(PROBLEM STATEMENT): Set the images aside and retype the whole listing exactly.

(DATA BELOW):

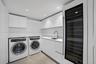 Modern laundry room featuring sleek white cabinetry, solid surface countertops, an integrated wine refrigerator, a stainless steel sink with a high-ar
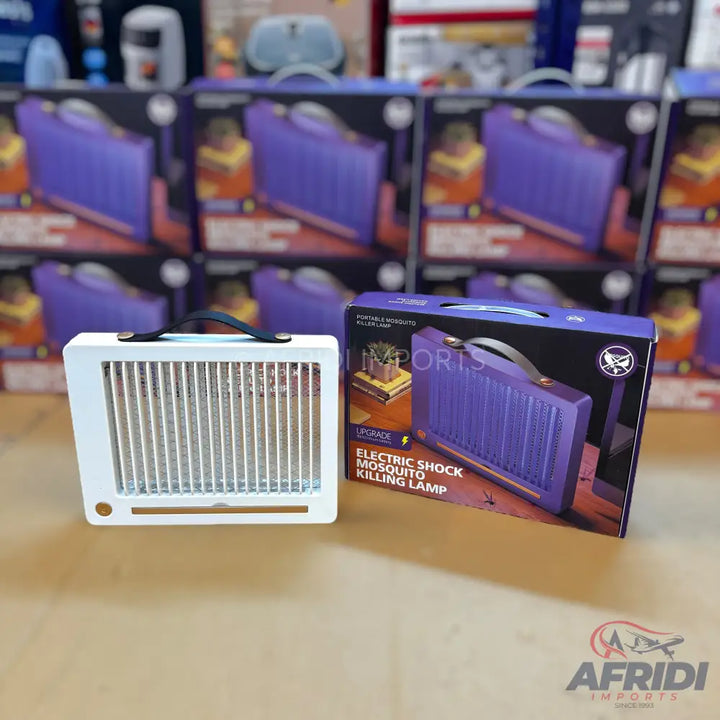 White electric mosquito killing lamp with a black handle.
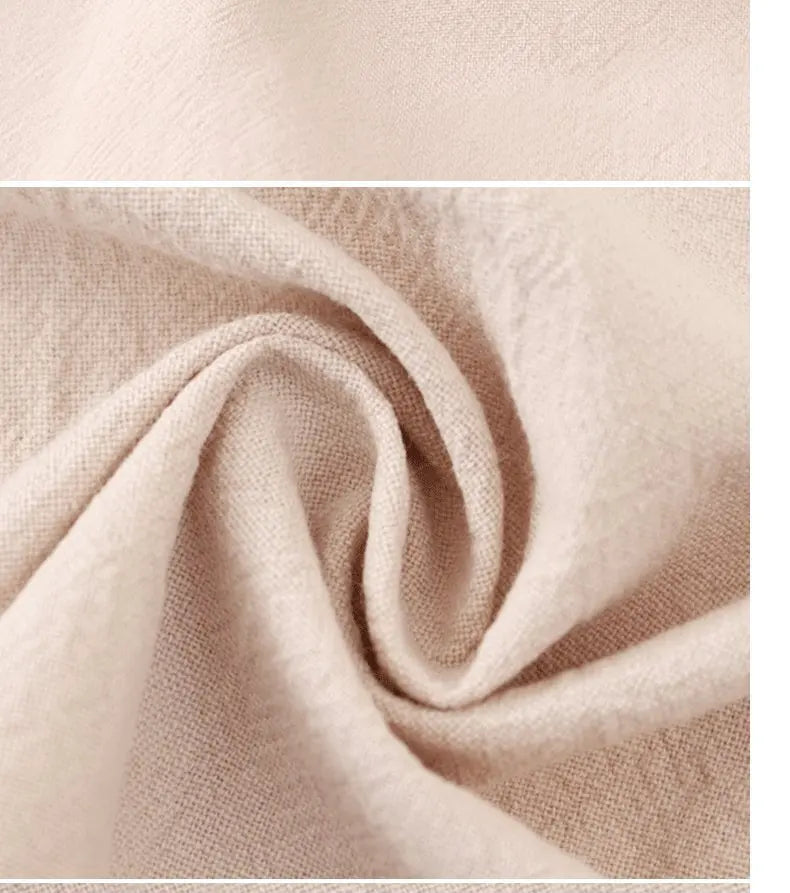 Close-up of a beige premium cotton kitchen apron fabric showing soft folds and texture.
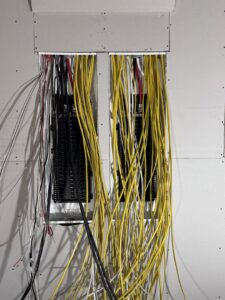 An electrical panel with numerous wires during an installation by Johnson Electric in Port Angeles, WA.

(SOLVED PROBLEM):
 Modern laundry room featuring sleek white cabinetry, solid surface countertops, an integrated wine refrigerator, a stainless steel sink with a high-ar
 White electric mosquito killing lamp with a black handle.
 Close-up of a beige premium cotton kitchen apron fabric showing soft folds and texture.
 An electrical panel with numerous wires during an installation by Johnson Electric in Port Angeles, WA.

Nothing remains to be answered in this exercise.